Small companies ‘kicked in teeth’ by UK energy policy

A lack of investment in new generating capacity could leave UK businesses at a competitive disadvantage as energy prices rise beyond those in competing economies.


Almost two thirds (62%) of energy experts quizzed in a survey for the Aldersgate Group expect the UK’s energy prices to be higher than competitor economies in 2015. Just 5% predicted lower prices.

The majority of experts (77%) also believe it will be higher prices for fossil fuels that will push energy costs up in the next couple of years, and not policies related to reducing carbon emissions.

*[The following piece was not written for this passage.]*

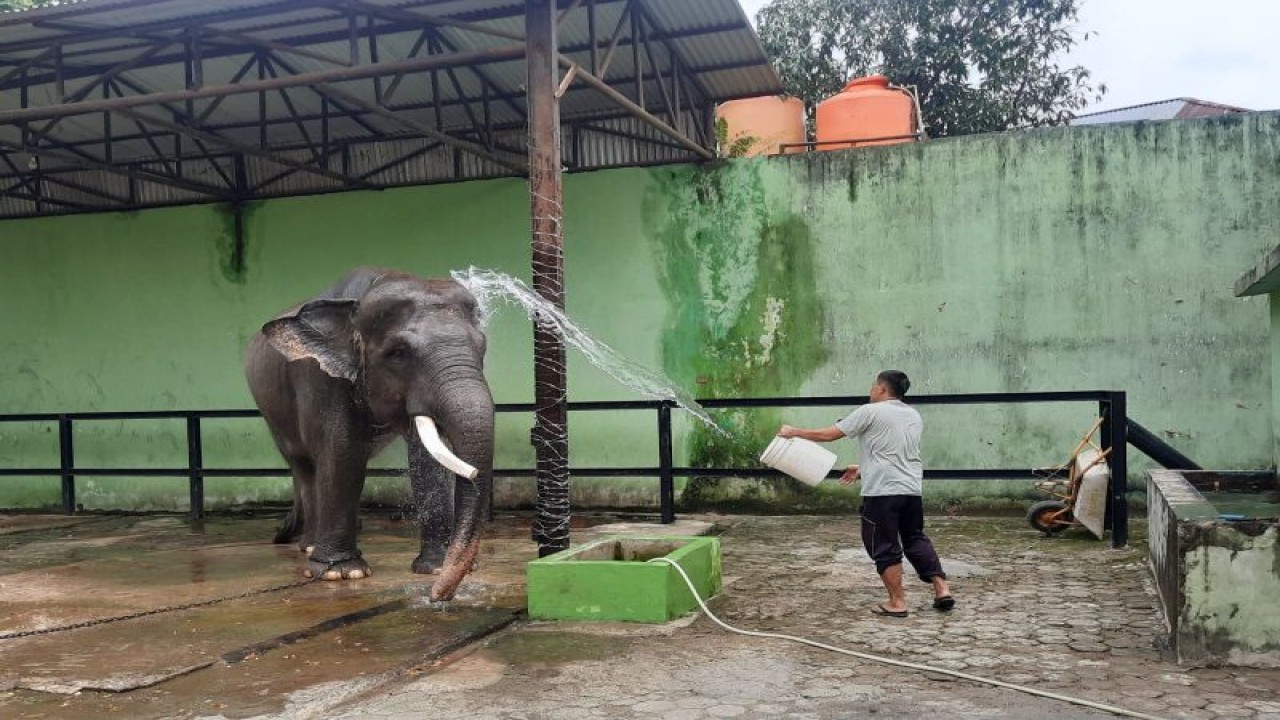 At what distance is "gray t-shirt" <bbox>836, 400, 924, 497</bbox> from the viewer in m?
5.49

Concerns over the replacement of decommissioned coal-fired power stations have been growing. Some argue for a greater focus on energy efficiency to reduce overall needs, but environmentalists told edie that confusion around UK energy policies has driven the big companies to invest elsewhere and “kicked the small companies in the teeth”.

Aldersgate executive director Andrew Raingold said rising energy costs were clearly a “major concern” for businesses and the cheapest way to address diminishing capacity and rising costs was to reduce demand. “There must be much more focus on incentivising consumers and businesses to use less energy rather than investing in expensive new supply,” he explained.

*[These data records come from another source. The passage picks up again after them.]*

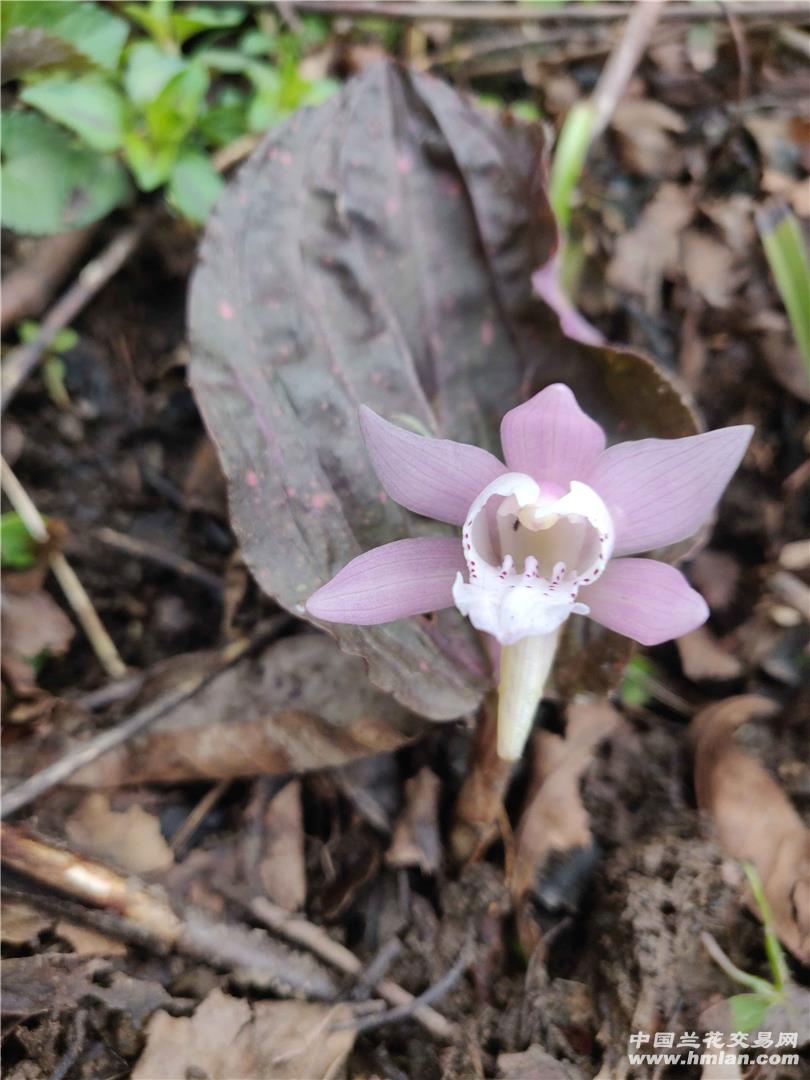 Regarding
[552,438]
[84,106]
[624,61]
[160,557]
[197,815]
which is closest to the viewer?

Philips Electronics senior director corporate communications Jayson Otke also urged policy makers to look beyond the challenge of limits to the UK’s energy capacity and tackle barriers to boosting energy efficiency. EDF Energy B2B energy services manager Laurent Mineau agreed, adding that improving energy efficiency “deserves greater attention in the UK energy debate”.

While green groups welcome the drive towards greater energy efficiency, some have warned that the UK cannot afford to ignore the long-term security provided by cleaner energy.

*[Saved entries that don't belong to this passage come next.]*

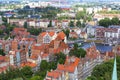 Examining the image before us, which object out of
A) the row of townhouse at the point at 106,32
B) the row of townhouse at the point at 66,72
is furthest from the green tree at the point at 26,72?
the row of townhouse at the point at 106,32

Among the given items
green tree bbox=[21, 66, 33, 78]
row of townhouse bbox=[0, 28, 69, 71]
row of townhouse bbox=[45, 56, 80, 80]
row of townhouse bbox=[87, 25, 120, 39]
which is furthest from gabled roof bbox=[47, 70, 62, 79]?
row of townhouse bbox=[87, 25, 120, 39]

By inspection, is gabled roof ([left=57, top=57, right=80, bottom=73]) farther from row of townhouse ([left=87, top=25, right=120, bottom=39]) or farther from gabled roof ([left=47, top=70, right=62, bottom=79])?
row of townhouse ([left=87, top=25, right=120, bottom=39])

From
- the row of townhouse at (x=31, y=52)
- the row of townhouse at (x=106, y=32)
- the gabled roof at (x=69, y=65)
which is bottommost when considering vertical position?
the row of townhouse at (x=106, y=32)

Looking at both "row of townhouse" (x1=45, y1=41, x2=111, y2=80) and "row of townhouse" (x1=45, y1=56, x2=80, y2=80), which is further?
"row of townhouse" (x1=45, y1=41, x2=111, y2=80)

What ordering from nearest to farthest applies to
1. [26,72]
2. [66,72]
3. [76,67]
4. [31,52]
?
[66,72], [26,72], [76,67], [31,52]

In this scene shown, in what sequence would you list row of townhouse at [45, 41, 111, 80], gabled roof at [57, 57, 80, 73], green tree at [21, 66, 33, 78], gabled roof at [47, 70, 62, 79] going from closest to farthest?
gabled roof at [47, 70, 62, 79], row of townhouse at [45, 41, 111, 80], gabled roof at [57, 57, 80, 73], green tree at [21, 66, 33, 78]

Iain Watt, principal sustainability advisor at Forum for the Future said the big energy companies have been turned off investing in the UK due to a number of policy “wobbles”. “These are pan-European companies. They have a distrust of the UK with the Government wobbling back and forth [on policy] and so have decided to invest elsewhere,” he told edie.

Watt highlighted the Feed-in tariffs as a high profile “wobble”, and a policy that could potentially have led to more investment and innovation from smaller players in the market.

“One of the nice things we thought about FiTs was the amount of entrepreneurship it could encourage. We could have had a future ‘Google’ of the energy world on our hands. Instead, small businesses have been kicked in the teeth by the new tariff.”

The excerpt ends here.